Mayor Ford a hot topic at Humber media panel

A Humber Lakeshore panel discussion on March 19 consisted of city hall reporters (from left to right) Robyn Doolittle, of the Toronto Star, and Matt Elliott of Metro, as well as Humber media studies professor John Northcott, and John McGrath, a reporter for Novae Res Urbis.

A Humber Lakeshore panel discussion on March 19 consisted of city hall reporters (from left to right) Robyn Doolittle, of the Toronto Star, and Matt Elliott of Metro, as well as Humber media studies professor John Northcott, and John McGrath, a reporter for Novae Res Urbis.

Humber’s Lakeshore Campus became a hotbed of political discussion on March 19, when a pair of expert panels explored all things Rob Ford and city hall.
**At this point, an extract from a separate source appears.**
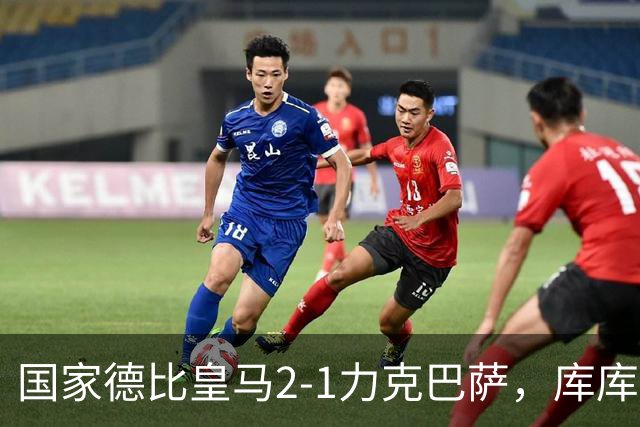 国家德比皇马2-1力克巴萨，库库雷利亚成功锁死亚马尔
The event, organized by Prof. Dan Rowe, program coordinator for Humber’s bachelor of journalism program, brought together six journalists from across Toronto who discussed Ford’s legacy and how his time in office has affected journalists and the people of Toronto.

“Regardless of what you think of Rob Ford, there’s been a lot of attention paid to him, more than there often is to mayors,” Rowe said.

“Does that mean people will, regardless of what happens in the next election, maintain their level of interest in municipal politics and what goes on at city hall?”

Hamutal Dotan, editor-in-chief for the website Torontoist, said part of the reason why we are drawn to what happens at city hall is because it is so authentic.

“The thing about city hall, especially compared to Queen’s Park or Ottawa, is that it’s a form of government that is actually happening in front of you,” she said. “There’s a carnival aspect, but it’s real governance happening in real time.”

Edward Keenan, a senior editor with The Grid, a free weekly publication owned by the Toronto Star, argues we are starting to see a Toronto that tires of the sideshow.

“I feel there’s fatigue,” he said.

Keenan said interest peaked on the day the Ontario appeal court announced the mayor had won his conflict of interest case in which a previous court ruling had stripped him of the mayoral chair.

Keenan said that reaching a peak of attention for Ford might actually be in city hall’s best interests.

“Some of that interest that then leads to fatigue rubs off into more interest,” he said, suggesting that people may then turn their attention to issues around city hall, such as transit or homelessness, instead of focusing on scandals.

However, Keenan said shifts in interest do not mean people will, or should, cease paying attention to Ford and it is important to distinguish between the man and the office, and the actions of each.

“The mayor of Toronto can be a very important person in the city. Despite our weak mayor, the office can make a lot happen. The mayor controls the agenda, there’s just not a lot on the agenda right now.”

Ivor Tossell, moderator of the panel and a professor in Humber’s School of Media Studies and Information Technology, gave a four-legged analogy to illustrate how all mayors may not be created equally.

“Sometimes a dog park issue is a seething cauldron of politics and intrigue, a microcosm of the very essence of life itself. And sometimes it’s a dog park.”